Implementing iOS Notes' Document Scanning Feature with Apple's Official API

Under its unassuming name, the iOS Notes App offers a plethora of powerful features, with document scanning being one I frequently use. Recently, in my spare time, I revisited and learned from a WWDC session on this feature, gaining valuable insights. Apple has long provided all the necessary tools for this. This article introduces how to implement a feature similar to the Notes app’s document scanning using system frameworks like VisionKit, Vision, NaturalLanguage, and CoreSpotlight.

Using VisionKit to Capture Recognizable Images

Introduction to VisionKit

VisionKit is a compact framework that enables your app to use the system’s document scanner. Present a full-screen camera view using VNDocumentCameraViewController.
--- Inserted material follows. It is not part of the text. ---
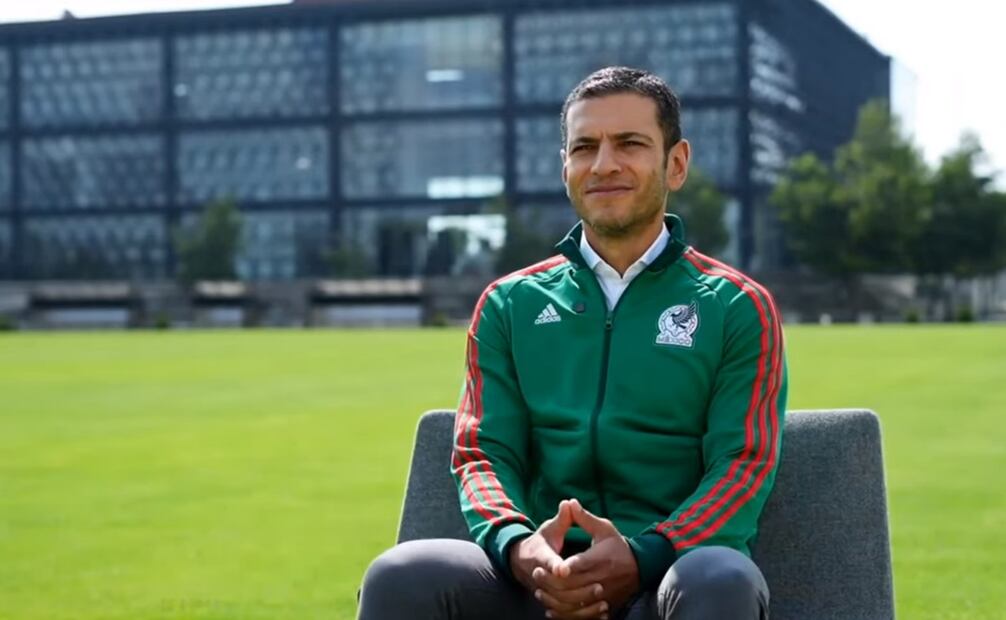 Jaime Lozano dio sus nuevas palabras como director técnico del Tri / Foto: Especiales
Receive callbacks from the document camera, such as completing a scan, by implementing VNDocumentCameraViewControllerDelegate in your view controller.

It offers developers the ability to capture and process images (perspective transformation, color processing, etc.) with the same document scanning appearance as in Notes.

How to Use VisionKit

VisionKit is straightforward and requires no configuration.

Request Camera Permission in the App

Add the NSCameraUsageDescription key in the info and state the reason for using the camera.

Creating a VNDocumentCameraViewController

VNDocumentCameraViewController doesn’t offer any configuration options; simply declare an instance to use it.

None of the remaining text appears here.